Durante la última década, esto es, desde el primer gobierno tripartito de Pascual Maragall, el protagonismo de Cataluña en la vida política española ha ido en aumento. Si antes de 2003 se hablaba de "pactismo" o de "oasis", conceptos que deben ponerse en entredicho o cuando menos no aceptar sin discusión como válidos plenamente, a partir de entonces la conducta de sus elites gubernamentales ha estado guiada por el enfrentamiento constante "con España", como si de dos entidades antagónicas se tratara.
Se celebraron consultas independentistas ilegales sin que el gobierno de la nación (ni el autonómico) hiciera nada por impedirlas; editoriales conjuntos de la prensa catalana en tono amenazador; manifestaciones (que acabaron en vandalismo) contra la sentencia del Tribunal Constitucional. En medio de este desafío constante, se mantenían inalterables las multas a quienes osaban rotular sólo en castellano sus establecimientos comerciales y se impedía la enseñanza escolar en castellano. Como se aprecia, un "respeto escrupuloso" por el entramado de derechos y libertades consagrados en la Constitución, menospreciada sistemáticamente en Cataluña, donde cualquier intento por salvaguardarla lleva consigo ser etiquetado como "fascista".

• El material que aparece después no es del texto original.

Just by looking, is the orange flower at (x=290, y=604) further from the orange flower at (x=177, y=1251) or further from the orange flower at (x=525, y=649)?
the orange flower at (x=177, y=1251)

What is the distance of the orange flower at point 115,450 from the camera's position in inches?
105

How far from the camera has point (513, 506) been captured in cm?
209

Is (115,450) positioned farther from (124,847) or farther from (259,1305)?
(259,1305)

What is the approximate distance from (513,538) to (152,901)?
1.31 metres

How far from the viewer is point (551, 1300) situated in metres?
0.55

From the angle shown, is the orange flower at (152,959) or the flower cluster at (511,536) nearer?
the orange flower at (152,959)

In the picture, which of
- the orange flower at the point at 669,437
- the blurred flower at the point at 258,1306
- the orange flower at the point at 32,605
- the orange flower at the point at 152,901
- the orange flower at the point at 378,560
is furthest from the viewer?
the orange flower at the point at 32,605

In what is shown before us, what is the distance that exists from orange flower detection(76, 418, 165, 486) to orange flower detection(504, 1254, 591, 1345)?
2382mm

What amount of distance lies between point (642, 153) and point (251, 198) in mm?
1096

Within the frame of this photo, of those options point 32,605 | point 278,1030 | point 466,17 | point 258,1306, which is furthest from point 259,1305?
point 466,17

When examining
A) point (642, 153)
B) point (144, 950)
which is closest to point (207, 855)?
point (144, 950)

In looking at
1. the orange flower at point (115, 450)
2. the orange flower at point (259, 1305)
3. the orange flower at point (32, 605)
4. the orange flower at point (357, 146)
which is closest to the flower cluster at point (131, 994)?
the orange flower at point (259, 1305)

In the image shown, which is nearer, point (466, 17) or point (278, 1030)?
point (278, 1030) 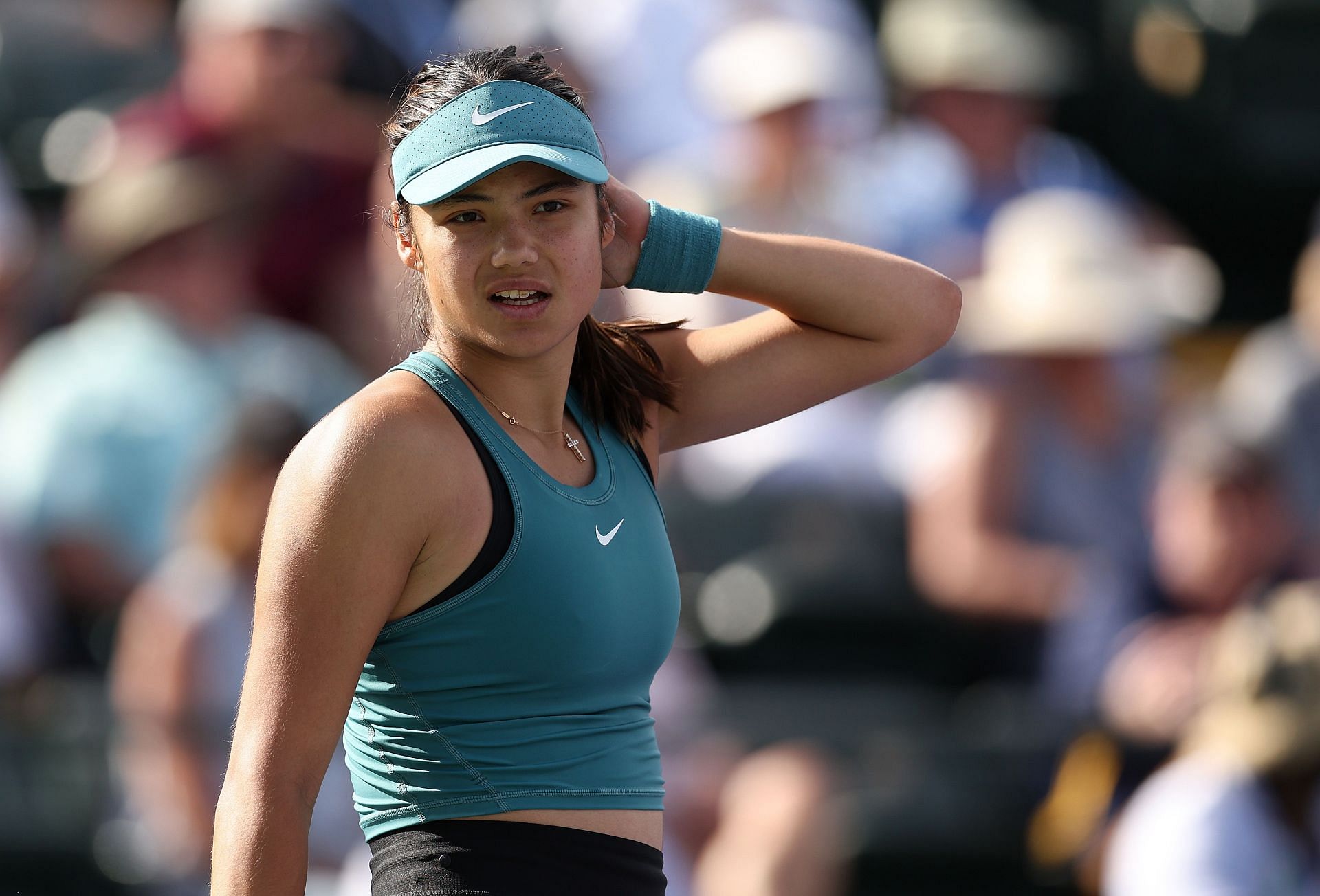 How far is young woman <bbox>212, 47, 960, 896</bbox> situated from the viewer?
1.73 m

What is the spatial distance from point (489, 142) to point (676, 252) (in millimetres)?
333

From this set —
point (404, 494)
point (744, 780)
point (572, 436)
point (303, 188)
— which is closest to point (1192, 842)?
point (744, 780)

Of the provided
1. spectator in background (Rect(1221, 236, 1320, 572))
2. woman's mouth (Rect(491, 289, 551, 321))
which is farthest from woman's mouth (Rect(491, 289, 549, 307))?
spectator in background (Rect(1221, 236, 1320, 572))

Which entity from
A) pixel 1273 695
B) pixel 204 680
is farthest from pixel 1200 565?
pixel 204 680

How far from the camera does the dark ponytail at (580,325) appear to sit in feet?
6.44

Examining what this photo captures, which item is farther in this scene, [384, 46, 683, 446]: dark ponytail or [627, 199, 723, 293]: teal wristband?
[627, 199, 723, 293]: teal wristband

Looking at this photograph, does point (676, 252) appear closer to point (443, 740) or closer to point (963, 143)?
point (443, 740)

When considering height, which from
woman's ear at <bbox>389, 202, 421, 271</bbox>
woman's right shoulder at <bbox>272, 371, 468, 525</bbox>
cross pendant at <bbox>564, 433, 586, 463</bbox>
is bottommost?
woman's right shoulder at <bbox>272, 371, 468, 525</bbox>

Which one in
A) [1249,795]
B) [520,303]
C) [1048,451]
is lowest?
[1249,795]

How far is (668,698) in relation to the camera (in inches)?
174

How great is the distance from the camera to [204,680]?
14.0 feet

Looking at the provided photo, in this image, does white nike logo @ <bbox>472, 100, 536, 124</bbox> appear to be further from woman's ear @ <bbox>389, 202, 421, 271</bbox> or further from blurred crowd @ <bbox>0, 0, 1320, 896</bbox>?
blurred crowd @ <bbox>0, 0, 1320, 896</bbox>

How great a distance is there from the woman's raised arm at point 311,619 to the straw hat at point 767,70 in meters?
3.69

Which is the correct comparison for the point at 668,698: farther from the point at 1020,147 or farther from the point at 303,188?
the point at 1020,147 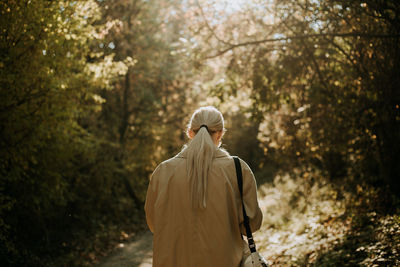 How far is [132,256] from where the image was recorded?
32.2 feet

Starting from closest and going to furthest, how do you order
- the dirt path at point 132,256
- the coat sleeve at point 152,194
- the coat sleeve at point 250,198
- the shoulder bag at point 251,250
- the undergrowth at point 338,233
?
the shoulder bag at point 251,250
the coat sleeve at point 250,198
the coat sleeve at point 152,194
the undergrowth at point 338,233
the dirt path at point 132,256

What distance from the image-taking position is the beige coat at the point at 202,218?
293 centimetres

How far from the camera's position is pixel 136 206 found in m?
18.1

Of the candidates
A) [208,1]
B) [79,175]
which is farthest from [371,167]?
[79,175]

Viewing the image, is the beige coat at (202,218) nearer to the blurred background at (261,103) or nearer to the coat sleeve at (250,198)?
the coat sleeve at (250,198)

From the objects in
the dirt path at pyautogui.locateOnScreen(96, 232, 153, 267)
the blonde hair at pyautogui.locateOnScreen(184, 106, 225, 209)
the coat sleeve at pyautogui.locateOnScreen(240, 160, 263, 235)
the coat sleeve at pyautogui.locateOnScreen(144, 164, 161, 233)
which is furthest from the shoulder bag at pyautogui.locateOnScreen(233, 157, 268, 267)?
the dirt path at pyautogui.locateOnScreen(96, 232, 153, 267)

Igualmente, el victimismo ha sido el recurso político que en mayor medida se ha empleado desde la Plaza de San Jaime, basado en la repetición sistemática de mantras que tienen en el "expolio fiscal" (versión académica del "España nos roba") su máximo exponente. Para el nacionalismo, lo importante no son las personas, sino los territorios a los que se dota de vida propia; en consecuencia, son los que sienten, sufren, padecen y si desde el gobierno central no se les concede lo que exigen, se ofenden. Al respecto, cualquier reproche, por mínimo que haya sido, al establishment político catalán por la forma de gestionar los asuntos públicos, es interpretado como un ataque a Cataluña.
No obstante, bajo el actual gobierno de Artur Mas la simbología ha dado paso a una política de hechos consumados. Sin rubor alguno se habla de conceptos deliberadamente polisémicos como "transición nacional", "estructuras de Estado" o "derecho a decidir", cuya finalidad es poner cortinas de humo a la incapacidad del ejecutivo (CIU-ERC) para encarar la crisis con algo más que eslóganes o subvenciones a aquellas entidades que comulgan con la hipótesis del maltrato. En este punto, es curiosa la inversión de roles realizada por el sindicalismo catalán, más pendiente de los "intereses nacionales" que de los de clase.
De cara al próximo 11 de septiembre, desde el nacionalismo catalán se apela de nuevo a los sentimientos y se exhorta la división. Aún con ello, como bien dice el saber popular, "no se puede tapar el sol con un dedo" y el 12 de septiembre, los problemas que asolan a la ciudadanía catalana seguirán ahí. Estos son los mismos que se dan en el resto de España, con los cual, no somos tan diferentes, ni estamos tan alejados.
Del infantilismo con que CIU, ERC y sectores mayoritarios del PSC gustan de hacer política, no puede pasar desapercibida la costumbre, actualmente multiplicada, de eliminar el nombre de España en aquellas plazas, calles o avenidas que lo llevan. Si en todo este asunto la coherencia se llevara hasta el final y hubiese un mínimo de decoro metodológico, lo normal es que lo que antes se llamaba Plaza del España pasara denominarse "Plaza del Estado" (aunque es probable que para los más voraces no bastase y exigirían añadir el adjetivo calificativo "opresor").
En definitiva, Cataluña prosigue su camino hacia un destino incierto, muy alejado en cualquier caso de las ensoñaciones utópicas en las que se ha instalado su casta dirigente. Ésta, con el uso de ingentes cantidades de dinero público, ha logrado que sus delirios calen en la mente de muchas personas, aunque no tantas como creen (o anhelan) los promotores de este viaje.